■ YOUR TASK
The listing below is to be written out word for word, minus its images.

■ EXERCISE DATA
----------------

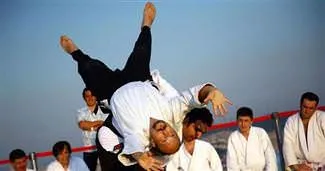 75 metrede Aikido yapılır mı?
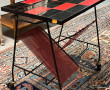 Petite table porte-revues années 60 en m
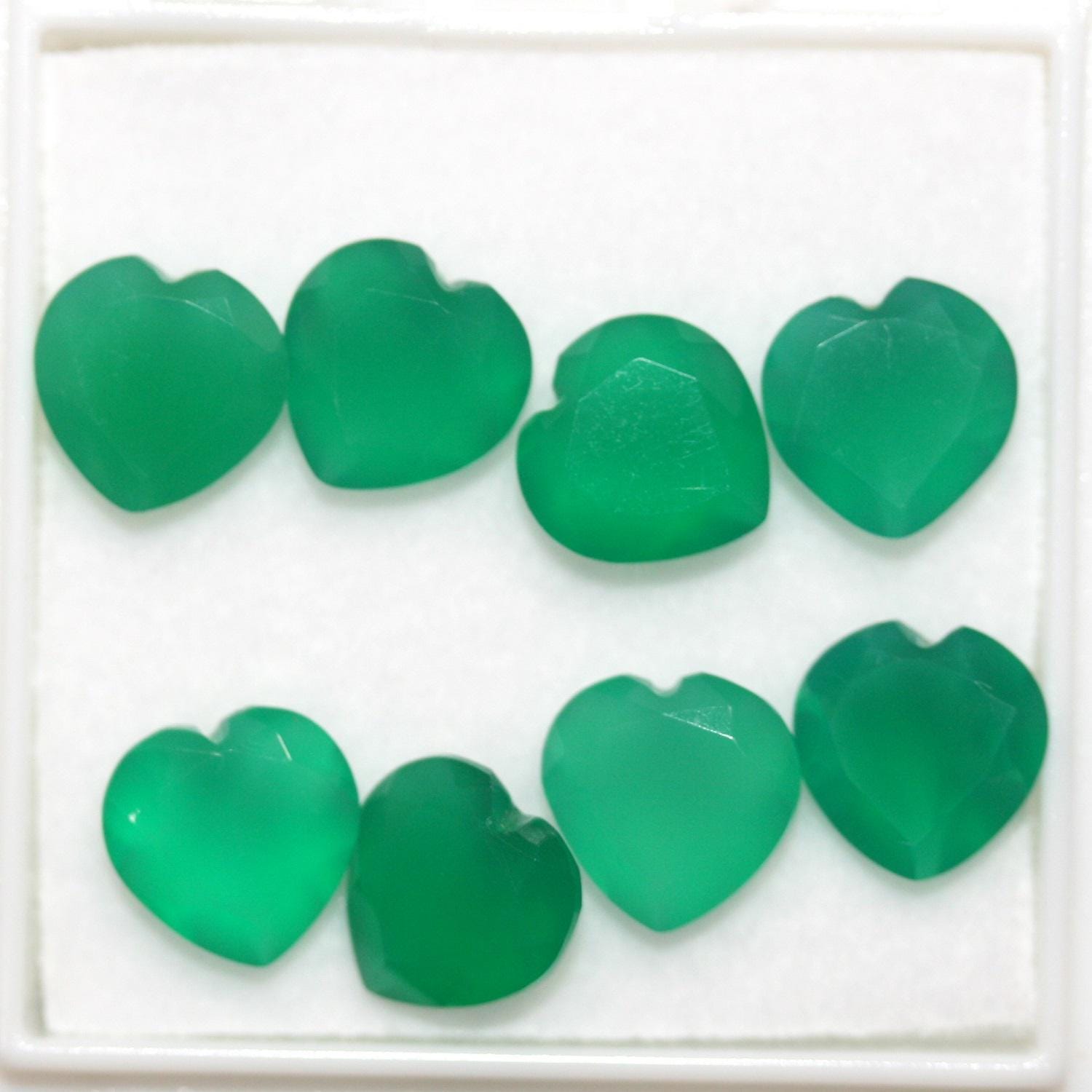 Lot de 8 pierres précieuses en onix vert facettées en forme de cœur, 9 mm. - Pierres précieuses de qualité supérieure, vente en gros.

----------------

■ SOLUTION BELOW
 75 metrede Aikido yapılır mı?
 Petite table porte-revues années 60 en m
 Lot de 8 pierres précieuses en onix vert facettées en forme de cœur, 9 mm. - Pierres précieuses de qualité supérieure, vente en gros.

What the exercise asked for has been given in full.